The Common Stability Mechanism behind most Self-Supervised Learning Approaches
Abhishek Jha, Matthew B. Blaschko, Yuki M. Asano, Tinne Tuytelaars
TL;DR
This work addresses embedding collapse in self-supervised learning by proposing a center-vector framework: a global center $s = \mathbb{E}_{x}[\mathbb{E}_{\omega}[g(\omega(x))]]$ that must be minimized in magnitude to maintain nontrivial representations while preserving a residual, sample-specific component. By reframing both contrastive and non-contrastive SSL methods as optimizing toward zero $|s|$ and maintaining residuals, the authors unify diverse architectures under a common stability principle. They derive gradient interpretations for approaches like Triplet/InfoNCE, SimSiam, BYOL, DINO, SwAV, and Barlow-Twins, and validate the framework with experiments on toy distributions and Imagenet100, including a simple penalized objective $L_{Simple}(f) = 0.5\left(L(f) - \lambda_L s\right)$ that can outperform standard baselines. Key findings show that center-vector magnitude tracks collapse risk and that mechanisms such as predictors, EMA targets, centering, and fixed prototypes modulate $s$ to sustain non-collapsed representations. The framework offers practical guidance for SSL design and hyperparameter selection, enabling robust learning even without negative samples or complex architectural changes.
Abstract
Last couple of years have witnessed a tremendous progress in self-supervised learning (SSL), the success of which can be attributed to the introduction of useful inductive biases in the learning process to learn meaningful visual representations while avoiding collapse.
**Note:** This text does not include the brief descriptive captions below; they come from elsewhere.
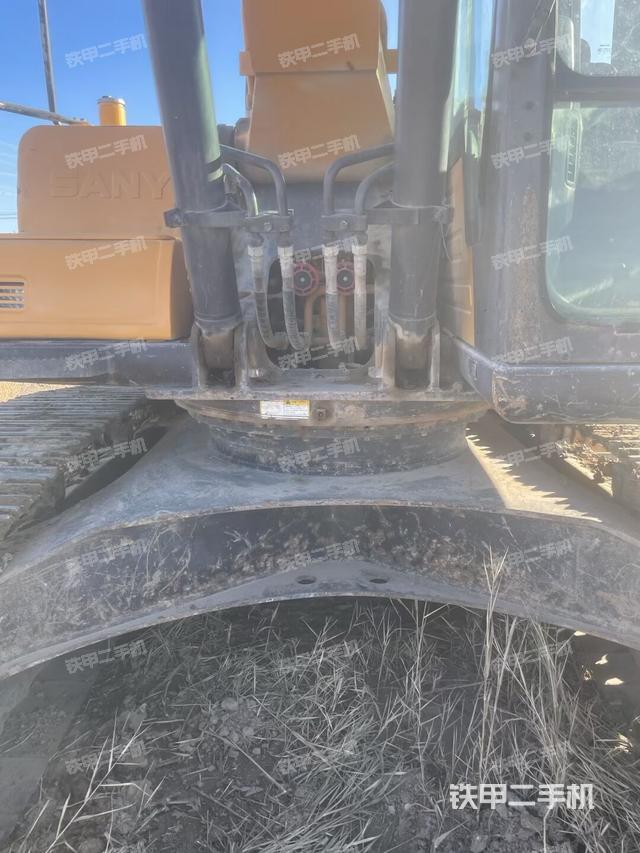 转盘和下车架正前（工作和回转装置）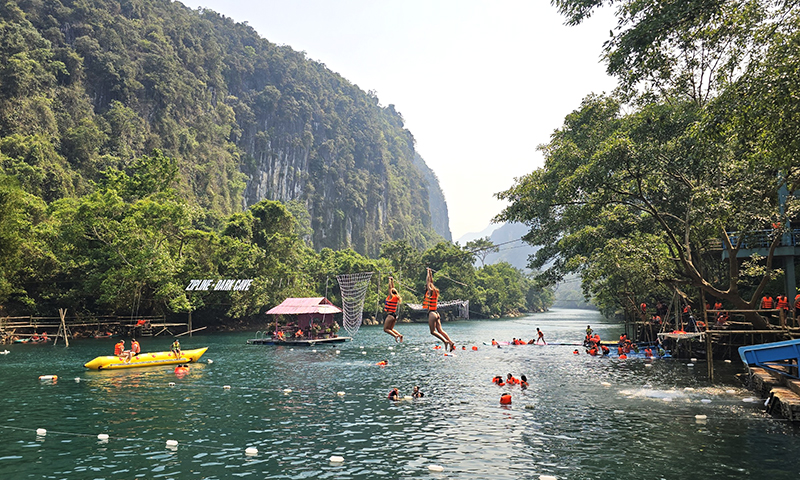 Khách du lịch tham gia trải nghiệm ở điểm du lịch sông Chày-hang Tối.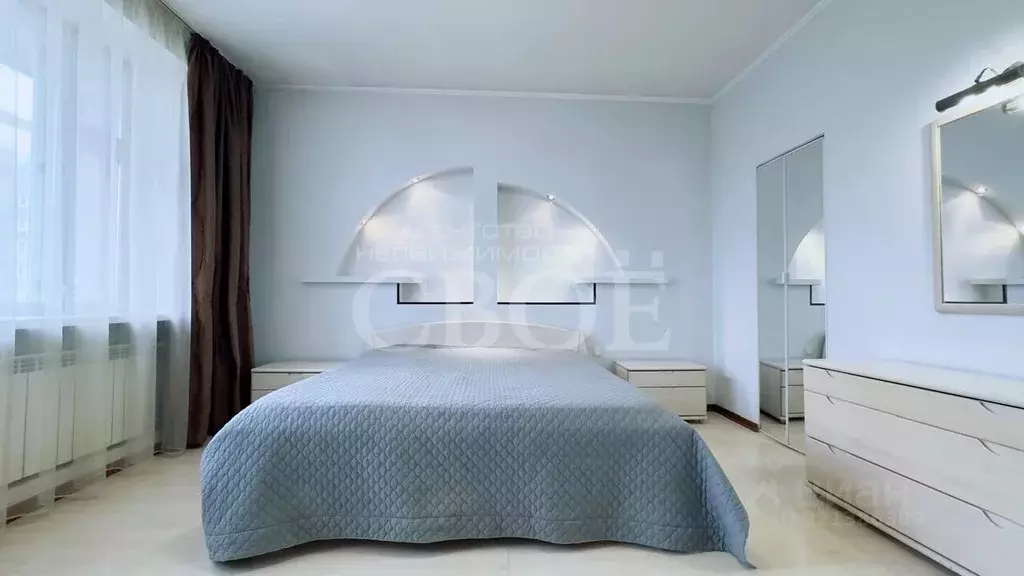 3-к кв. Красноярский край, Красноярск Взлетная ул., 26Б (104.0 м) - Фото 1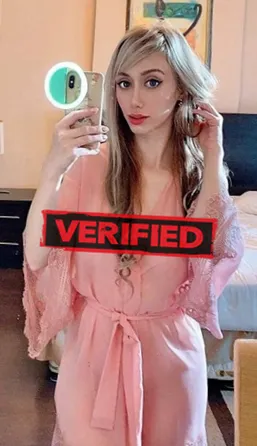 Angelina fucker Prostituta Santana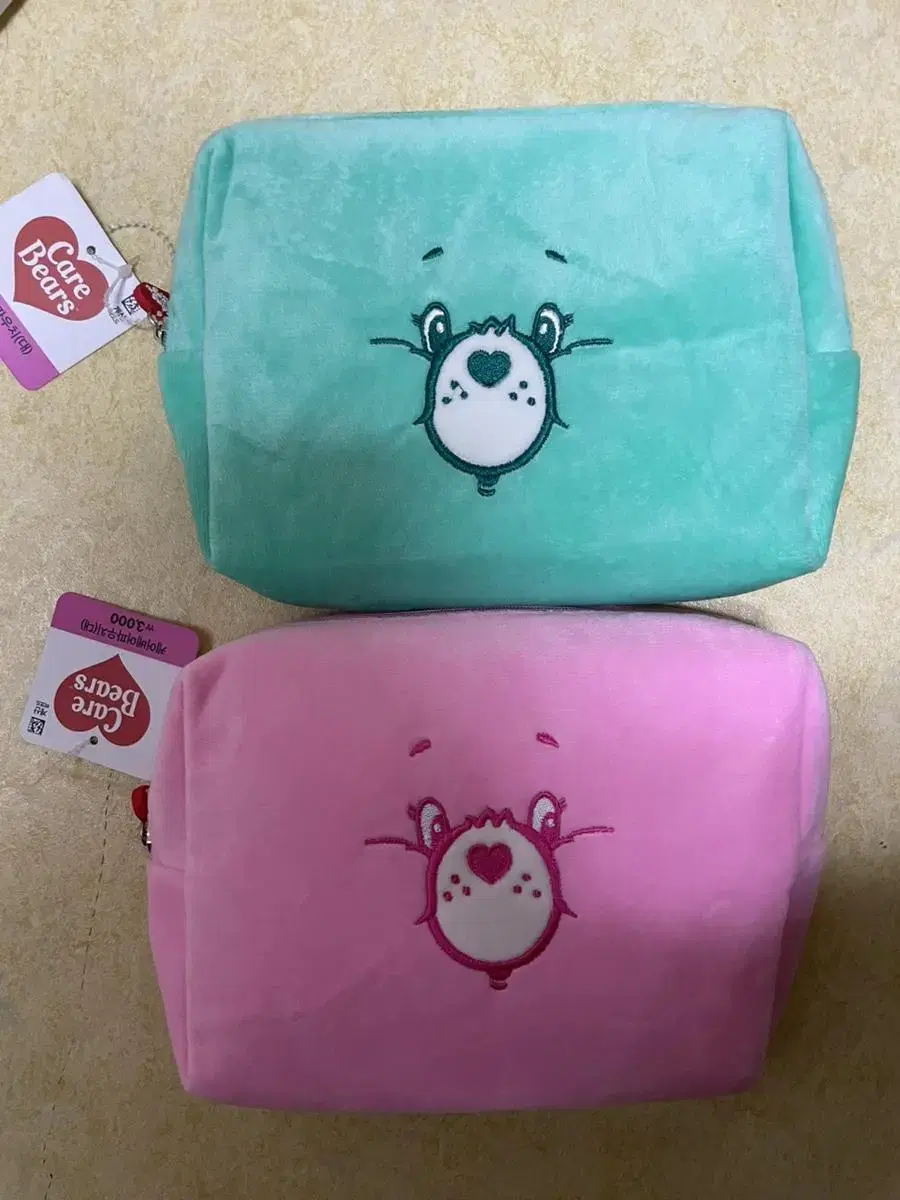 Daiso bear-face pouch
These inductive biases and constraints manifest themselves in the form of different optimization formulations in the SSL techniques, e.g. by utilizing negative examples in a contrastive formulation, or exponential moving average and predictor in BYOL and SimSiam. In this paper, we provide a framework to explain the stability mechanism of these different SSL techniques: i) we discuss the working mechanism of contrastive techniques like SimCLR, non-contrastive techniques like BYOL, SWAV, SimSiam, Barlow Twins, and DINO; ii) we provide an argument that despite different formulations these methods implicitly optimize a similar objective function, i.e. minimizing the magnitude of the expected representation over all data samples, or the mean of the data distribution, while maximizing the magnitude of the expected representation of individual samples over different data augmentations; iii) we provide mathematical and empirical evidence to support our framework. We formulate different hypotheses and test them using the Imagenet100 dataset.